Principles on Transfer of Information or Responsibilities

Appendix 2 - basic principles that should be followed for a successful transfer of information

Making arrangements for the transfer of information, records and knowledge is a key part of any machinery of government change. However, all too often this aspect is not properly planned for, inadequately resourced and left until it is too late to do everything that needs to be done.

Listed below are the eight basic principles that should be followed for a successful transfer:

Reinforce Senior Management support

Ensure that senior management understand what needs to be done (including setting an appropriate budget) and the risks to the business if the transfer is not carried out successfully. Failure to transfer information and knowledge effectively between departments can make it impossible to maintain business continuity and can result in the loss of vital information, loss of functionality of digital information, inability to be transparent and accountable and meet legal obligations, inefficiency and substantial additional costs.

Plan in advance

Start planning for the transfer of information as soon as notification that the organisation/function is to be abolished or transfer has been received. Identify desired outcomes - especially the usability of information (or digital continuity requirements after transfer) and test progress against these.

Clarify who is responsible

Establish as early as possible who is going to do the work and form a joint Information Transition Team. Ensure that transferring and receiving bodies and any contractors employed in information related activities (for example, an IT service partner) have a clear understanding of their separate and joint roles and responsibilities.

Decide what to transfer

Decide what information needs to be transferred and to where, for example, information of continuing business or legal value will need to be identified and transferred to the department that is inheriting responsibility for the function(s). Information of archival value may be transferred to The National Archives. Consider information/records in all forms, for example, paper files, information within an electronic records management or email system, websites, intranets, shared drives, databases AND accompanying information such as finding aids, Information Asset Registers or retention/disposal information.

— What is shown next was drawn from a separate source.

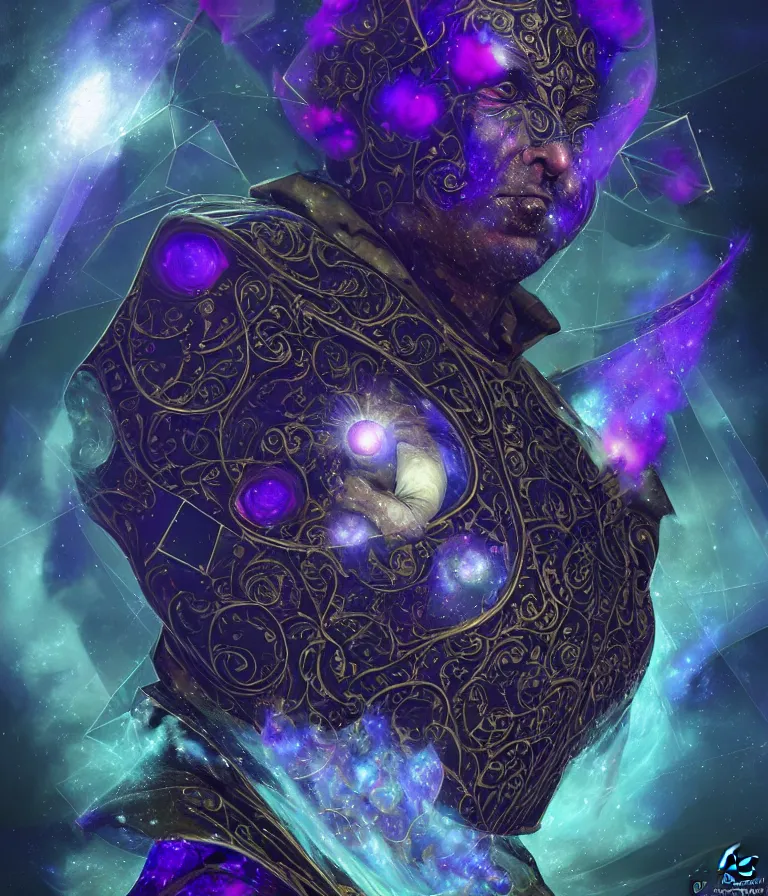 Image similar to front!!! shot of a court jester!!! character, mesmerizing fractal hypercubes, dark holography!!!, future, metallic nebula, crystalline edges, polygonal, elegant, highly detailed, centered, (((artstation, concept art, jagged, sharp focus, artgerm, Tomasz Alen Kopera, Peter Mohrbacher, donato giancola, Joseph Christian Leyendecker, WLOP, Boris Vallejo))), ((raytracing)), mugshot!!!!!, ugly!!!!!!, octane render, nvidia raytracing demo, octane render, nvidia raytracing demo, octane render, nvidia raytracing demo, 8K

Make provision for the continuity of digital information

Define the usability requirements for information to be transferred, and test against them throughout the transfer process. The receiving organisation needs to ensure the information can be found, opened, used, understood and trusted as required and will need to ensure it receives both files and necessary contextual metadata and has the technology to enable the usability requirements to be met.

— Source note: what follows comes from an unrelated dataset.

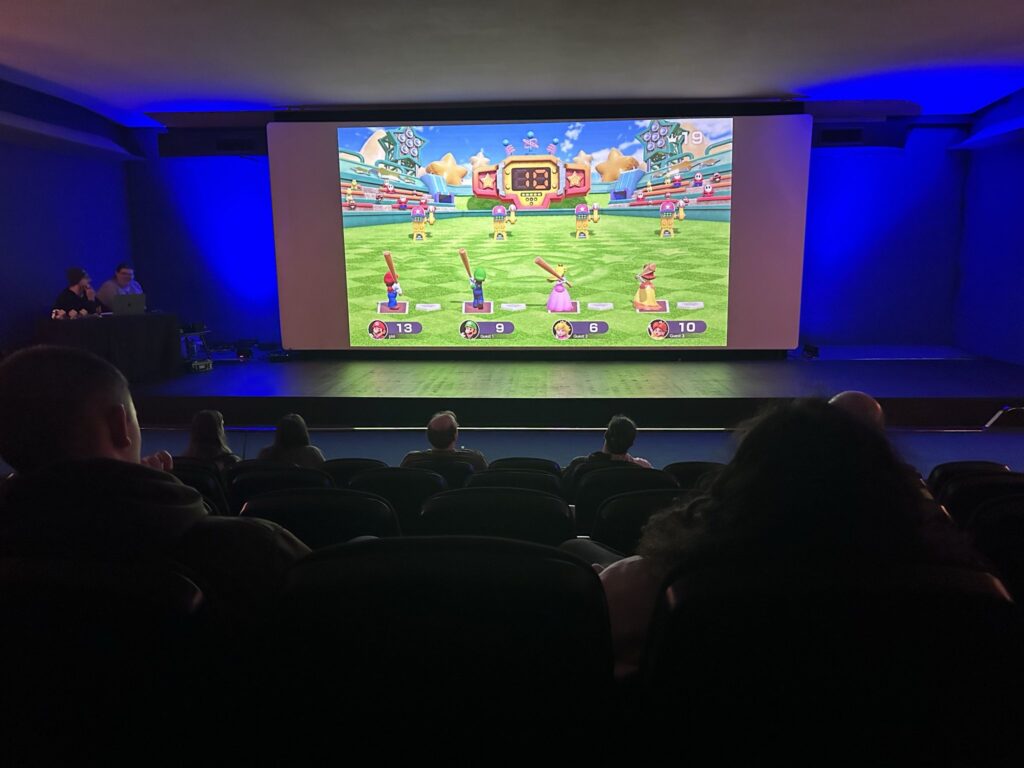 GameON 2/ Leinwand mit Game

Ensure continued compliance with legislation and information security

Clarify responsibilities for Freedom of Information and Environmental Information requests and related complaints and appeals and ensure that handover or guidance notes are prepared. Comply with rules on information security when transferring information and records and conform to the Security Policy Framework for protectively marked material.

Capture knowledge and communicate to staff and stakeholders

Capture the knowledge of staff from the transferring organisation, particularly if they are not transferring with the function and make as much information as possible about the changes available to staff in both organisations. Plan communication with customers and end-users.

Take advantage of opportunities for savings and increased efficiency

Capitalise on opportunities to increase efficiency and make savings, for example, shared service options could be considered for storage/electronic systems, information that is not required could be deleted rather than transferred.